Die letzte Oper von Nikolai Rimski-Korsakow (1844–1908), uraufgeführt 1907 im Petersburger Mariinski-Theater, ist eine Apotheose des christlichen Russland zehn Jahre vor dessen Untergang. Die Amsterdamer Produktion, die nach den starken Eingriffen in Stoff und Text des Werks während der sowjetischen Ära einer Wiederentdeckung gleichkommt, bekennt sich in ungekürzter Ausführlichkeit zu den ausladenden Dimensionen und zur Wucht des Originals. Marc Albrecht unterstreicht nicht nur die Momente der Prachtentfaltung, die sich auf gewaltige Chöre und ein außerordentlich groß bestücktes Orchester stützt, sondern hebt auch die Härte der musikalischen Kriegsmomente mit Klarheit hervor.

Zu Beginn wird in einem ausladenden Tableau die vollständige Übereinstimmung zwischen der eremitisch lebenden Fewronija und Gottes unendlicher Natur beschworen. Svetlana Ignatovitch durchmisst die anspruchsvolle Partie mit sicherer Stimmführung in allen Lagen. Sie überzeugt rundweg als Bauernmädchen wie als Prinzessin in den Wechselfällen der Geschichte und schließlich als entrückte Heilige. Zum Naturkind entbrennt ein junger Jäger in Liebe. Dieser Tenor, der sympathisch wirkende und angenehm intonierende Maxim Aksenov, ist kein anderer als der von einem Bären verletzte und einer ersten Hilfe bedürftige Prinz Wsewolod: verliebt, verlobt … nur vor der Heirat kommt noch etwas dazwischen.

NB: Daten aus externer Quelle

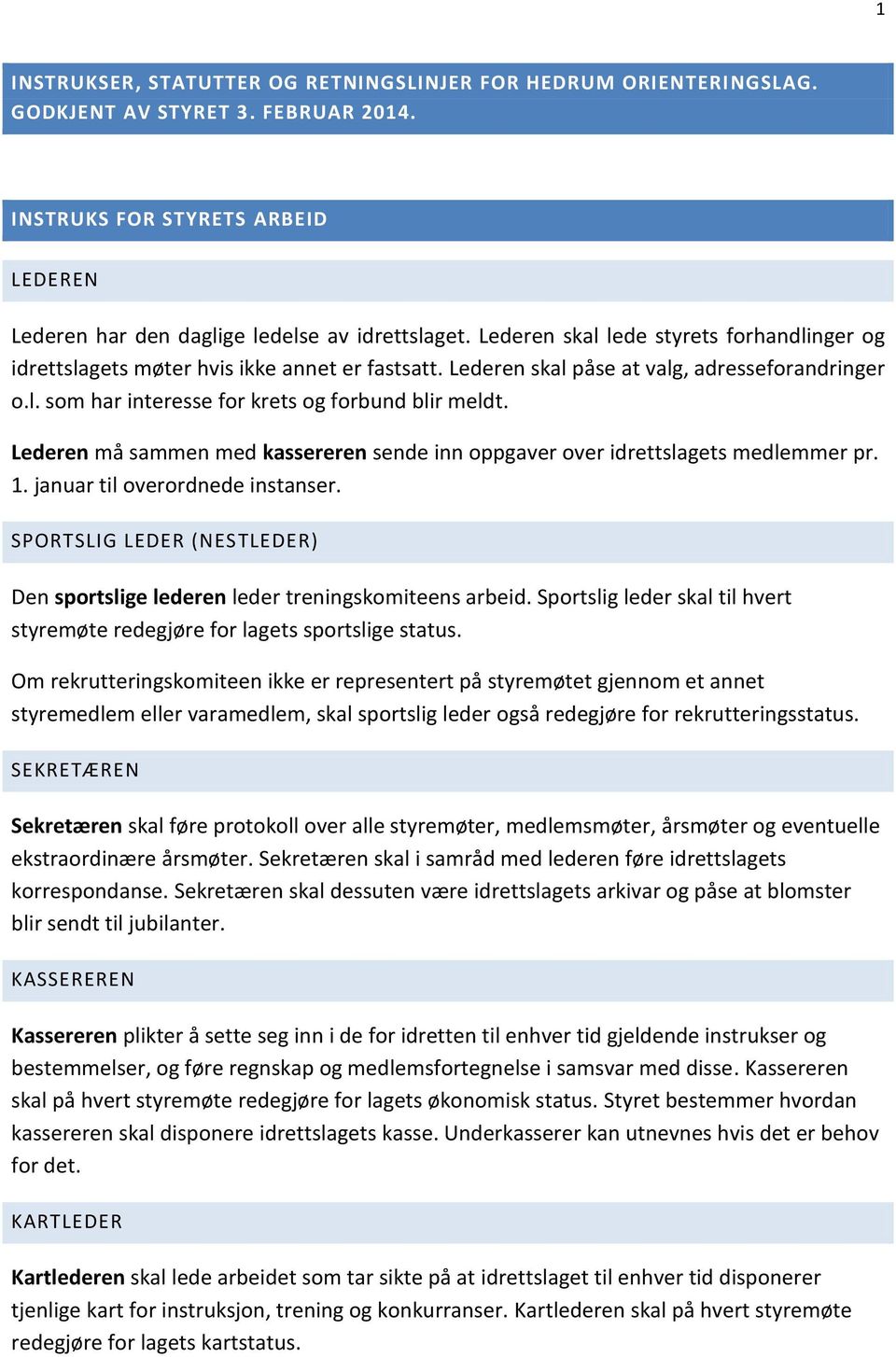 Lederen må sammen med kassereren sende inn oppgaver over idrettslagets medlemmer pr. 1. januar til overordnede instanser.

Dmitri Tscherniakow erntete, kaum dass sich der Vorhang das erste Mal hob, freudigen Beifall für sein erstes Bühnenbild: Hinter drei majestätischen Kiefernstämmen eröffnet sich in leichtem Morgennebel eine weite Schilfuferlandschaft – so, also sollten Gorkis „Spätsommergäste“ gegeben werden. Neben Fewronijas Holzhütte und mit etwas Abstand zum Esstisch im Freien ragen drei recht roh gezimmerte Leitern in den Rundhorizont: eine erratisch immer wieder aufkreuzende Kleinfamilie – Vater, Mutter, Kind – leisten der Einsiedlerin Gesellschaft, verschönern ihr das Dasein mit einem an einen Baum genagelten Stillleben und bleiben ihr bis zu Tod und Verklärung treu.

Die Stadt Kitesch wird in Tscherniakows entschiedener Bildwelt vom „Haus des Volkes“ in einer postsowjetischen Provinzhauptstadt repräsentiert. Das Volk feiert vor der trostlosen Fassade und wird von einer Art tschetschenischer Terroristen aufgemischt. Im Inneren des Mehrzweckgebäudes findet die große und erfolgreiche Bitte um Errettung von Mord, Plünderung und Vergewaltigung statt. Die Arme Fewronija erwischt es bei der Beuteteilung der Tartaren trotzdem. Der postsowjetische Regisseur zeigt die „politischen Wirren“ und deren für die Einzelnen mitunter unerfreulichen Begleiterscheinungen drastisch und klar. Daher ist die Wiederkehr des traulich erleuchteten Eremitenhäuschens zur Entrückung, die von allzu frommen musikalischem Schwelgen wattiert wird, doch noch plausibel.